When in Europe, the first thing to come to mind when the “motor scooter” is mentioned would be the Vespa created by Italian manufacturer PIaggio. Even Americans are familiar with the vehicles, which became big in the US after World War II, most especially when legendary movie stars Gregory Peck and Audrey Hepburn rode one in the 1953 film “Roman Holiday”. It’s easy to appreciate the mechanical ingenuity of the Vespa, with its engine transmission design acting directly on the rear wheel eliminating the drive chain action of other motorcycles. This spirit of innovation has remained with Piaggio and its Vespa scooters even in this age of cutting edge tech.

When startup companies appear to preview such new advances as a surprisingly Vespa-looking zero-emissions scooter, the original makers are boasting their own entry into the fast-paced smart vehicle market: Gita.

The Vespa that follows you around

From their new Boston offices of Piaggio Fast Forward, the Italian company is cooking up some radically awesome and automated conveyances for the future. Gita, as mentioned above, is a wheel-shaped transportation robot that can carry small cargoes like groceries, and automatically track and follow a designated target, like a person walking on foot, or on another small transport like skates, skateboard, bicycle or scooter. The Vespa department envisions Gita as a “mundane-chores” robot, with its sole purpose of carrying stuff for their owners as it speeds along on the ground behind them.

Shaped like a wheel two feet tall that drives on a pair of “tracks-wheels” on its edges, the robot has an internal storage space that can carry up to 40 pounds of weight, and cruise along on a top speed of 22 miles per hour.

The advent of ‘ground delivery robots’

It seems rather fitting that Piaggio would pitch its Fast Forward think tank in Boston, a comfy distance away from MIT and also a hotbed of US robotics R&D.

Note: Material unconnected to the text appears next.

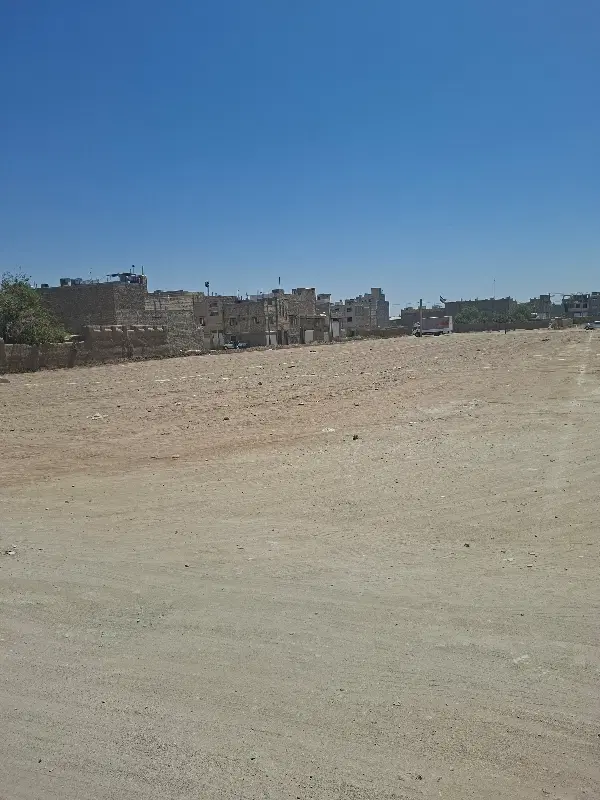 زمین خیابان پارساییان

From here they’ll be able to recruit personnel from the institute and from other robotics companies in the area to push their own development ahead, with the Vespa Gita as a starting point. With other transportation manufacturers having started their own inroads into designing robots, self-drive vehicles and drone craft with billion-dollar budgets, Piaggio is well aware that they can’t rely solely on their Vespa scooters to stay relevant in the consumer market.

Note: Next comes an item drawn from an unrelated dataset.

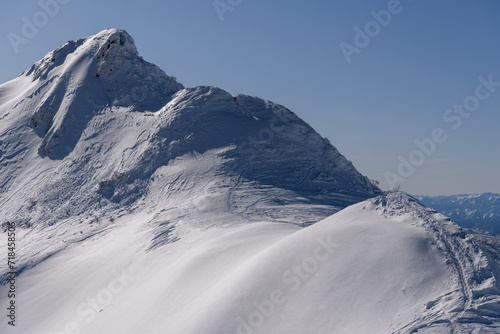 武尊山から剣ヶ峰山に向かう登山道から見た冬の剣ヶ峰山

As for Gita, Piaggio Fast Forward has not yet specified a set timeline for when consumers can finally buy their own carry-bot follower; they can’t even decide on a possible price range yet. But they have engaged several local businesses where they can conduct pilot testing with Gita. After all, other startups like Starship Technologies and Savioke have their own ground delivery robots to field-test, so they can’t fall behind.